Lo tiene muy presente Daniele Menozzi, que
recorre con gran atención las posiciones tomadas sobre la cuestión por la
jerarquía eclesiástica en el libro Chiesa e diritti umani (il Mulino),
consciente de que sobre este tema se ha abierto desde el inicio un debate.
Los Papas del siglo XIX condenaron la
Declaración en cuanto que la veían, con buenas razones, como «un camino de
emancipación de la institución civil de la dirección de la Iglesia sobre la
sociedad». En pocas palabras, pensaban que los derechos de los seres humanos,
necesariamente mudables, se oponían a los de Dios, fundados en la verdad y por
tanto eternos, de los que era depositaria la Iglesia.
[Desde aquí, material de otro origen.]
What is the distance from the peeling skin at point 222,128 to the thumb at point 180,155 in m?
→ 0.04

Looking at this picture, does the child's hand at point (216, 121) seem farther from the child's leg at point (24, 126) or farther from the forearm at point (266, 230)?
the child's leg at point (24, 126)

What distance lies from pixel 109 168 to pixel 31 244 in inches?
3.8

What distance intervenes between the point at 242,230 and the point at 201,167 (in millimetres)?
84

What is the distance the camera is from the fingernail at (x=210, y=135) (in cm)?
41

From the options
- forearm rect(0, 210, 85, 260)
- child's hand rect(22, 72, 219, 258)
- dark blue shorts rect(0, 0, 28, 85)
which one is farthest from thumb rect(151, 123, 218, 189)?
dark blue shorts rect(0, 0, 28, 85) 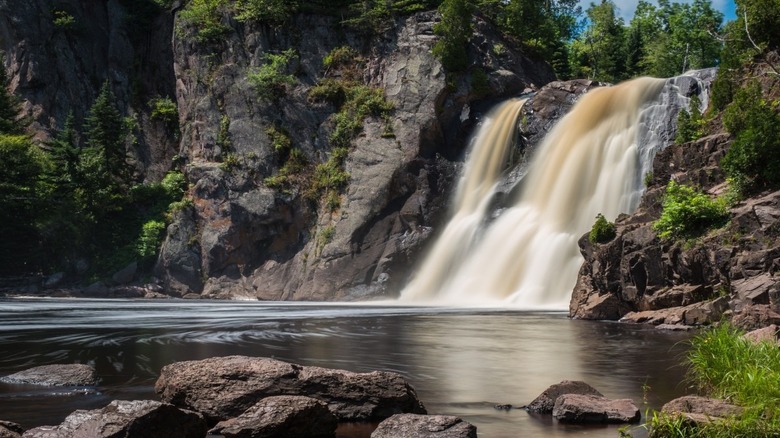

Pero las vejaciones políticas y económicas a
las que muchos regímenes laicos habían sometido a la Iglesia impusieron pronto
una mayor ductilidad: los derechos comenzaron a ser invocados para obtener la
libertad religiosa y de enseñanza. Pero el viraje teórico fundamental es el de
León XIII, que abre a los derechos económico-sociales, pero también a la idea
de que los derechos humanos son positivos,
porque dependen de la ley natural querida por Dios, custodiada por la Iglesia.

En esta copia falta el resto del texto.